■ **REQUIRED WORK**
Beginning at the line that contains "TREEWETO Herren Taschenuhr" and finishing at the line that contains "Boho elegant watercolor", output the data below exactly. Include both end lines and no pictures.
▼
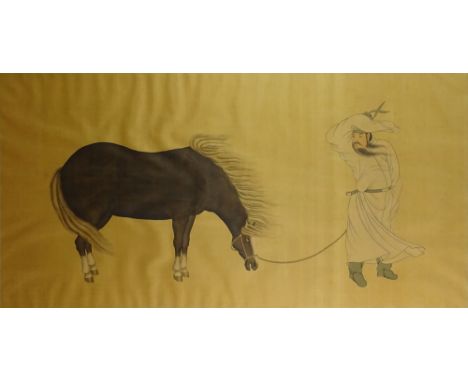 Large Antique Chinese Hand Painting on Silk. "Man With Horse" Fabric Borders. Unsigned. Good Condition. Framed Under Glass. T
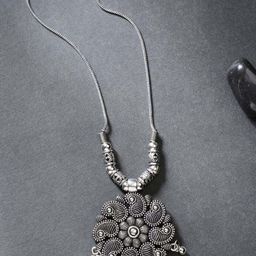 NVR Silver-Plated German Silver Oxidised Floral Shape Pendant With Chain-81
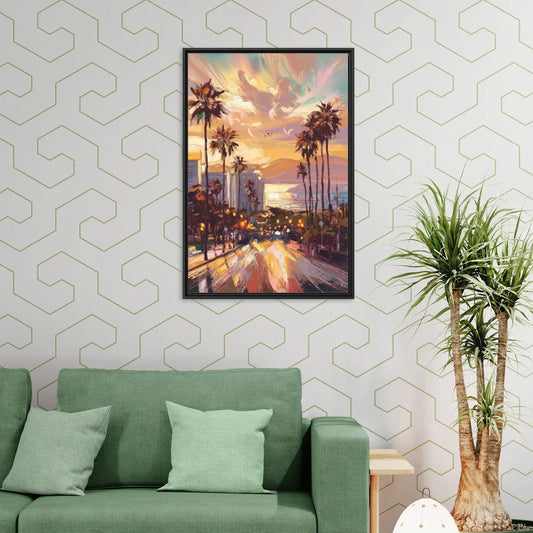Los Angeles Golden Hour - Living Room Black Frame Canvas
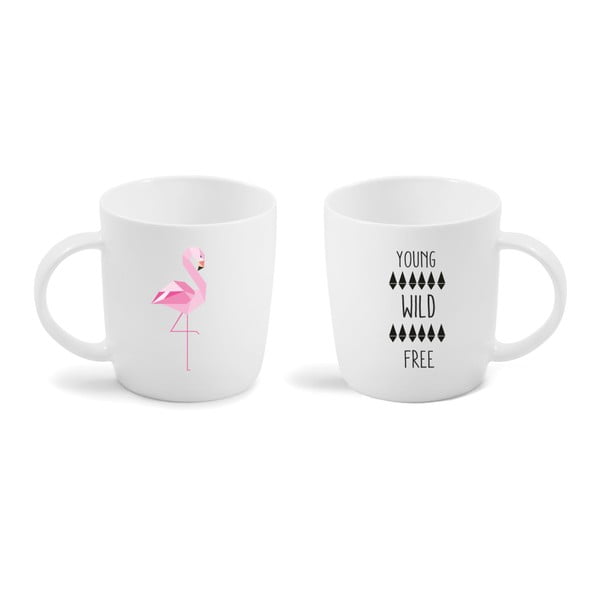 Porcelanowy kubek Vialli Design Wild Flamingo, 370 ml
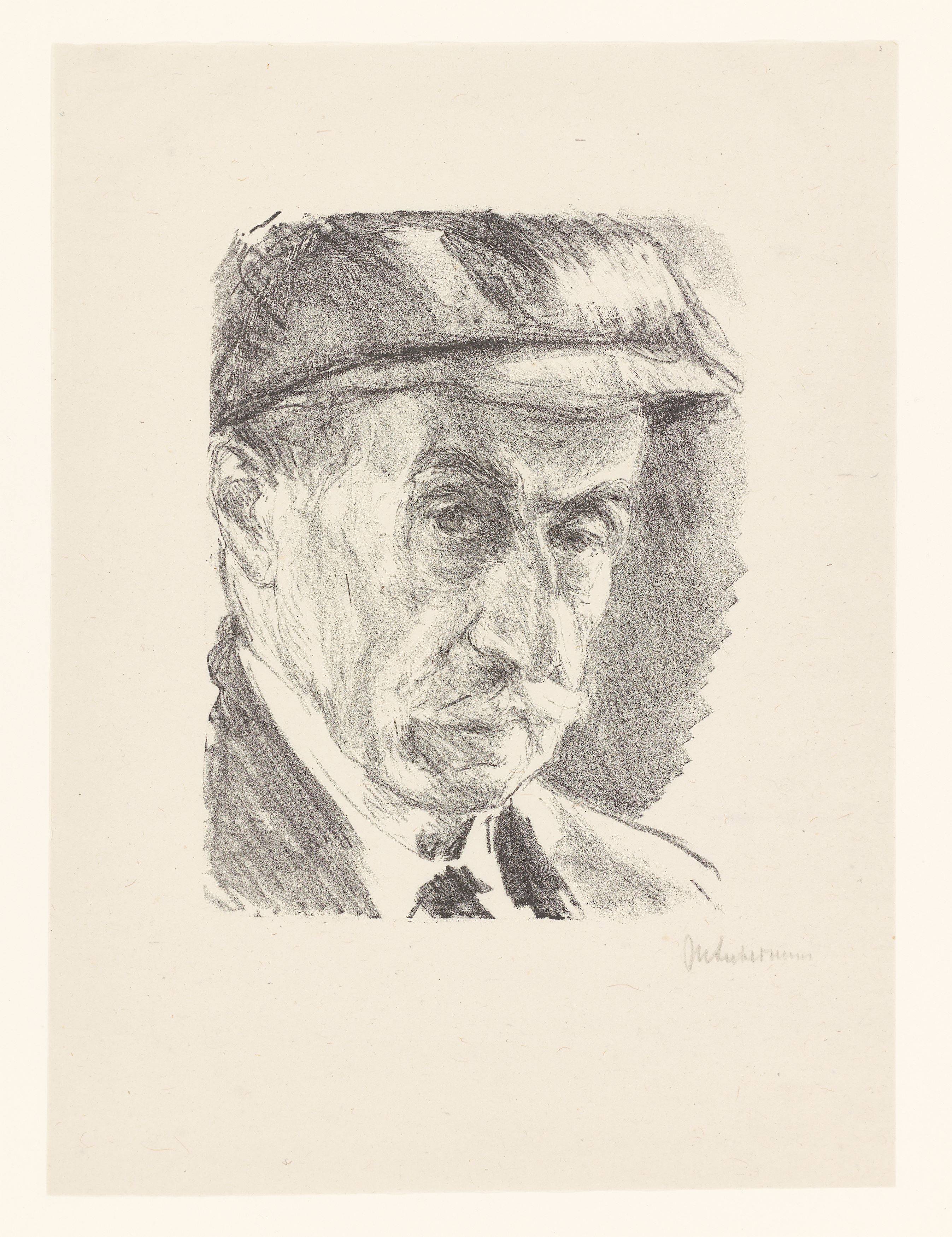 Auf diesem Bild ist das folgende Kunstwerk zu sehen: Max Liebermann. „Selbstbildnis mit Mütze“. 1927.
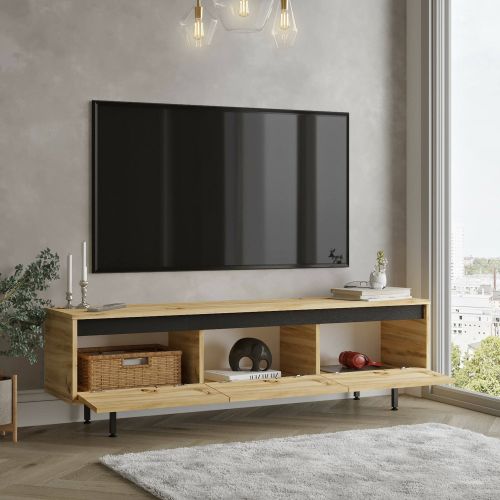 Mobile TV quercia e nero 160x35x45h cm 3 ante - Titli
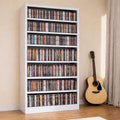 Metal DVD Storage Cabinet, 7 Tier Tall Media Storage Shelf with Adjustable Shelves, Freestanding CD & DVD Rack Tower Bookshelf for Living Room, Home Entertainment,White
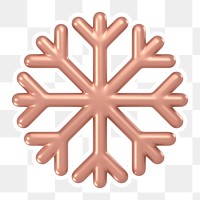Rose gold snowflake  png sticker, transparent background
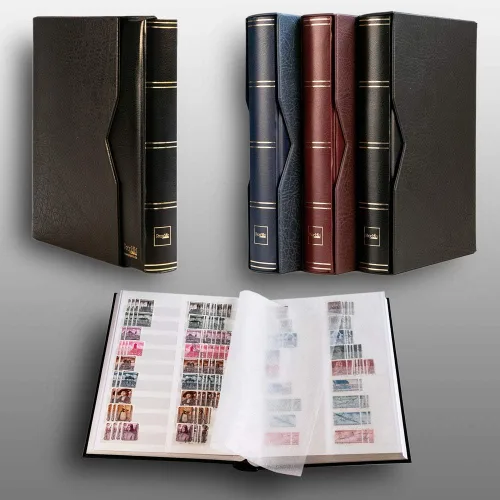 Vista 2 de Prophila stockbook 60 White Divided Sides Acolchado con estuche Negro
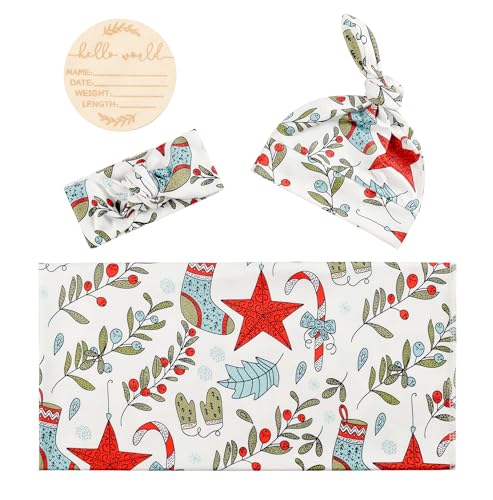 Image of Newborn Baby Girl Receiving Blanket Swaddle Blanket Stretchy Knit Swaddle Set with Matching Headband and Beanie (Red Socks Christmas)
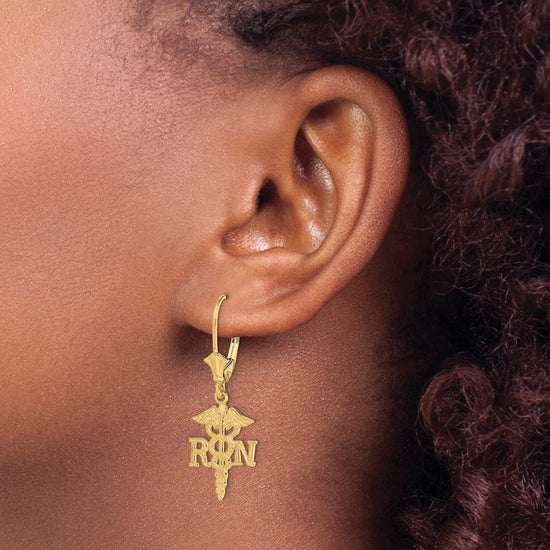 Gold Nurse Dangle Leverback Earrings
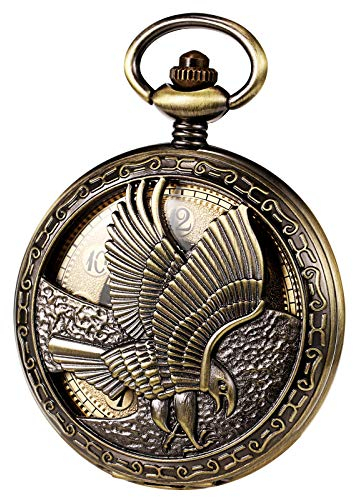 TREEWETO Herren Taschenuhr mit Kette, Retro Adler Analog Steampunk Skelett Uhr, Mechanisch Handaufzug Taschenuhren mit römischen Ziffern für Herren - Bronze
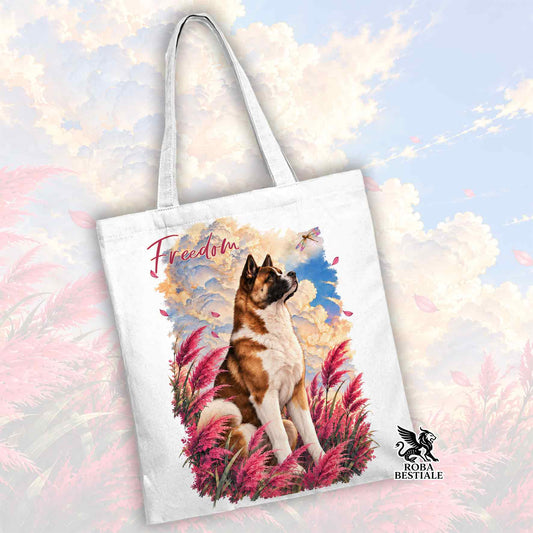 Borsa tote bianca con manici e stampa cane Akita tra fiori, logo Roba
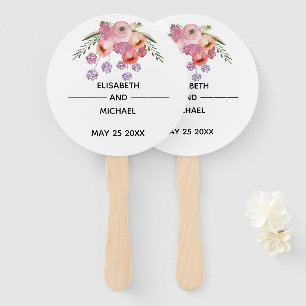 Boho elegant watercolor chic floral bouquet hand fan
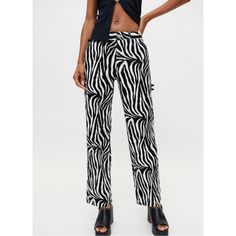 Bdg Urban Outfitters Leila Carpenter Pant Nwot, Size: 28, Color: Black/White, Zebra Print, Carpenter Pants, High Rise, Relaxed Straight Legs, Button & Zip Fly, 100% Cotton, Machine Washable, Approx Measurements(Laying Flat): Rise 11”, Inseam 29.5” -Smoke Free Home, No Trades/No Holds, Measurements Upon Request, I Video Record The Entire Packing Process, Due To Lighting Color May Vary Slightly From Photos Spring Wide Leg Zebra Print Pants, Summer Zebra Print Wide Leg Bottoms, Casual Wide Leg Bottoms With Zebra Print, Spring Wide Leg Zebra Print Bottoms, Casual Zebra Print Bottoms For Summer, Casual Zebra Print Summer Bottoms, Casual Black Zebra Print Pants, Black Zebra Print Bottoms For Spring, Casual Fitted Bottoms With Zebra Print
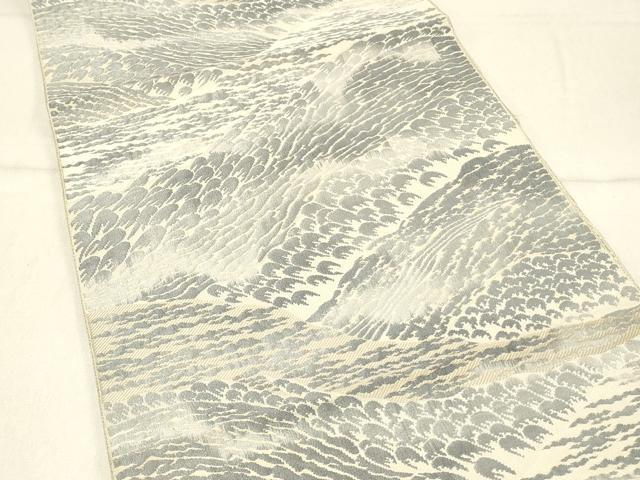 平和屋着物◎八寸名古屋帯　遠山風景文　正絹　逸品　DABF6759qp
▲
■ **SOLVED PROBLEM**
 TREEWETO Herren Taschenuhr mit Kette, Retro Adler Analog Steampunk Skelett Uhr, Mechanisch Handaufzug Taschenuhren mit römischen Ziffern für Herren - Bronze
 Borsa tote bianca con manici e stampa cane Akita tra fiori, logo Roba
 Boho elegant watercolor chic floral bouquet hand fan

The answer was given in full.